An example is his work with oxidative winemaking. In 1997 he had much botrytis. “The wine had an alcohol potential of between 15 and 17 ° which would have been undrinkable to me.”
He did not top off the barrels. The wine developed a layer of yeast called flor. The wine lost its primary fruit characteristics and segued to earthy complexity. For Patrick, the wine became easier to drink, and handled the alcohol with grace. He says as far as he can see there is no tradition with flor wines in his area, “But consider what making wine was like before the 20th century from a hot cellar and left in until its 7th year. In literature, the wines are described with flor characteristics.”
His winery and cellar is on ground level, underneath his Nothalten home where he lives with his family. He ferments in smallish vats, some stainless, some larger wooden barrels, not the typical Alsatian ovals. He has three cement fermentation eggs–and he’s not sure if he likes them or not, yet.
Dipping his slender pipette into one of the eggs, he drew out some 2011 Muenchberg, Grand Cru. “This is more Muenchberg than riesling,” he declared, extolling the triumph of soil over grape. Coming from a vineyard that is a soil mash up of sandstone, limestone, granite, schist and gneiss, the wine has bracing acidity, with an earthy aroma and none of the standard riesling aromatics. He promised that in a few years the riesling will return.
Tasting older Muenchberg, I saw he was correct. The 2007 (which he said took four years to come around) was dazzling. Even with its botrytis, the wine had become magnificently dry and compellingly salty. The 2008 was no slouch either; tarragon, apricot and apricot skin. Other standouts from my visit were flagships of drinkability, the Nature wines affordable and intensely quaffable. After being spoiled by his crémants and pinot noirs, I wish we saw more of them in this country. His pinot gris has always been favorites in their savory meets brown butter endive personalities. The ’03 sylvaner was deep and nutty. The ’06 Dolmen pinot blanc was another dazzler. He said it wasn’t even drinkable until just now, in 2012 when after six years, the wine resurrected itself. I found it juicy and nutty with a brilliant candy-like freshness.
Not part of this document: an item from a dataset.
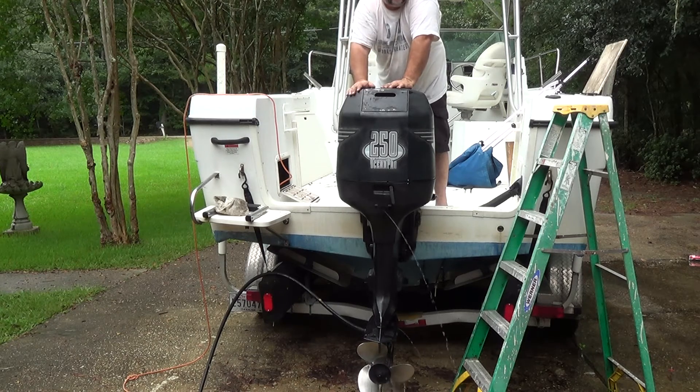And so there you go — that's how you change your power pack ignition coil on an Evinrude/Johnson 250, the 150, and on up in between. Even some of the 90s have similar coils, so that should help you out. If it did, give me a thumbs up, subscribe to the channel so you don't miss the next video. Thanks for watching — I'll see you next time.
He is a seeker and a philosopher who knows himself. “I make wine differently now than I did ten years ago and ten years from now it will be different as well,” he said.
Perhaps, but his basic philosophies will always remain, like his mantra, “Choose the smallest actions for the biggest result.” Within those parameters, he will continue to farm without chemical. He will continue to use less copper in the vines until he finds a way to use none at all. He will explore possibilities of sulfur derived from vegetable and he will not be wedded to tradition but to sensibility. Above all things, when it comes to embracing the kind of wine he wants to make, he will always be open minded.
In Patrick’s view, wine is the world’s metaphor; it is after all, the apartment building. “If only we had the humility to listen to everyone and everything without prejudice and without interest. The living is forced into a chemical straitjacket that eventually make us all sick.”